Once a Bishop told this anecdote about St. John Paul II. He had an audience with him in the evening (around 7pm). He was in the room waiting for the Pope. When he entered the room, it was obvious that he was tired. He walked wearily and his face seemed very tired.

So, he said to him: “Your holiness, you seem to be tired.” And St. John Paul II answered: “if I were not tired it would mean that I would not have done my duty.”

This anecdote speaks about a virtue, a forgotten virtue I would say, the virtue of “industriousness.” This virtue is related to the virtue of fortitude. We can say that this virtue makes us fulfill our duties (first of all our duty of state) well and with love. That is why it is also called by the term “diligent” which comes from the Latin word “diligo” which means “to love.”

We usually associate this virtue with working hard, since of course, those who practice this virtue work hard in order to work well. But that is one of the differences between a hard-working person and a diligent person (or a person with the virtue of industriousness). A hard worker is a person who loves his work, he loves to work, he loves to be busy, etc.
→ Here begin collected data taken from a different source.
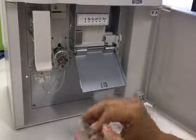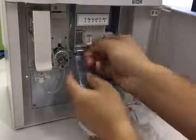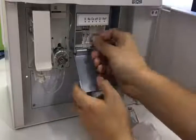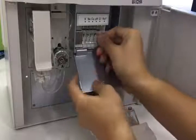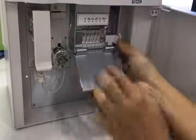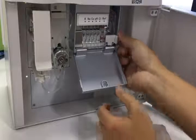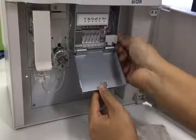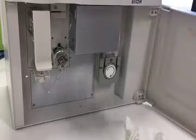Then we need to remove the bubbles in the electrodes for each electrode. Then we can install it. We need to tighten the knob, and you can press it to keep them in a single line. Tighten them and close the box. That's it.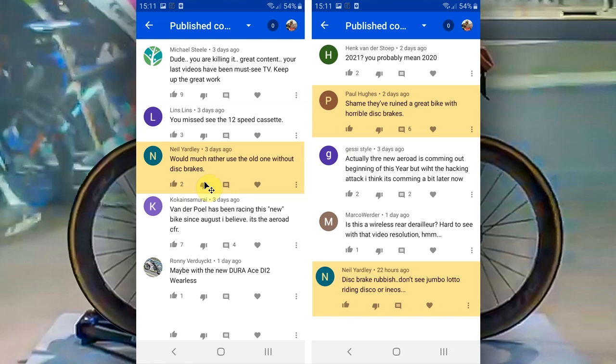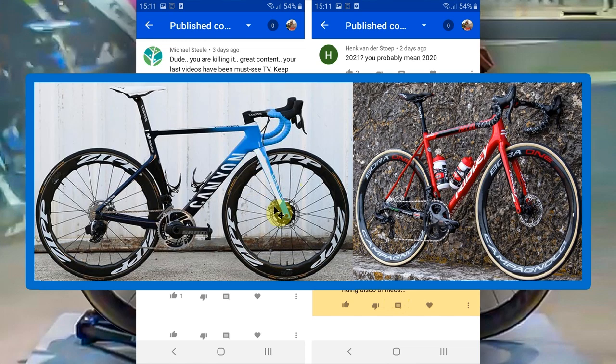There were some other comments about disc brakes. 'Would much rather use the old one without disc brakes,' from Neil. 'Shame they've ruined a great bike with horrible disc brakes,' from Paul. And then Neil again: 'Disc brake rubbish. Don't see Jumbo Lotto riding disc or Ineos.' Well, you're absolutely right — Jumbo Visma don't use discs, nor do Ineos. They're GC teams, so they're going to be the last ones to switch over. But in very recent news, Movistar have switched over to discs and actually finished a 37-year deal with Campagnolo, going over to SRAM and the latest Axs groupset — which for a GC team like Movistar is quite a big deal. And Lotto Soudal have gone over to disc brakes as well. So it's definitely gathering momentum on the disc brake front.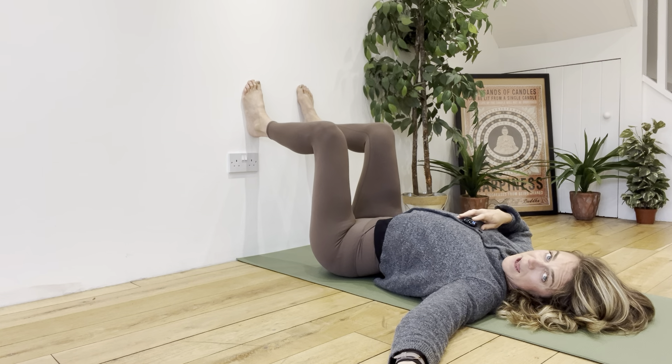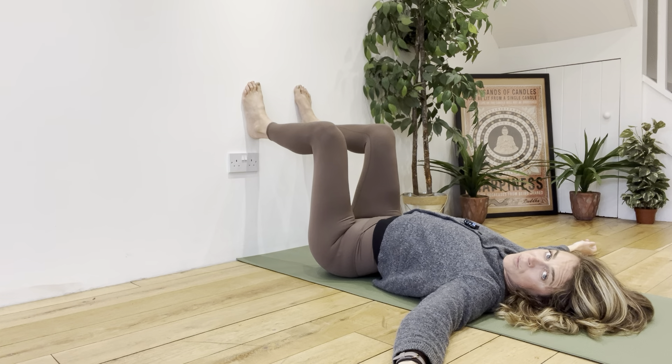If your rib cage is flaring up and lifting off the floor while you're trying to move your hips, you're not moving your hips through their full range of movement, however weird that may seem. We've got to make sure that the angle is occurring at the hip — not in the lower back and not in the rib cage.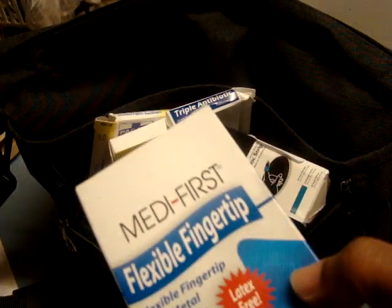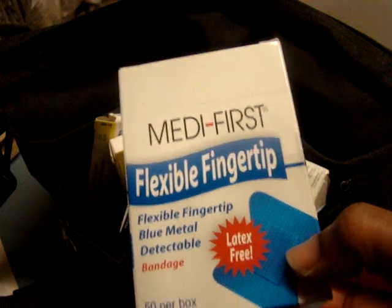So I'm planning on putting this inside of here, one step closer to getting all the first aid kit items.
There is a love for his work.

The virtuous person works with love and he tries his best to fulfill his duties in the best way possible. And this can be seen in all his tasks or responsibilities: as a father, working at home, helping people, etc. But also in his spiritual life, in his duties as Christian, in his religious life. We can include under this virtue all the activities that we must do in our lives.

A virtuous job is a work done with effort of course, but also, done well. This implies that the person uses all the necessary means to accomplish it in the best way possible: asking for advice, thinking, observing, etc. There are some who are hard workers but no one can say anything about their job: they do not accept suggestions, advice, etc. This shows that they are hard workers, but they are not virtuous.

This virtue gives us a spiritual attitude that makes us diligent in fulfilling our duties, not just one or some of them, but rather all of them. And as I said, the main reason to fulfill them is love: love of serving God through this task and in each task.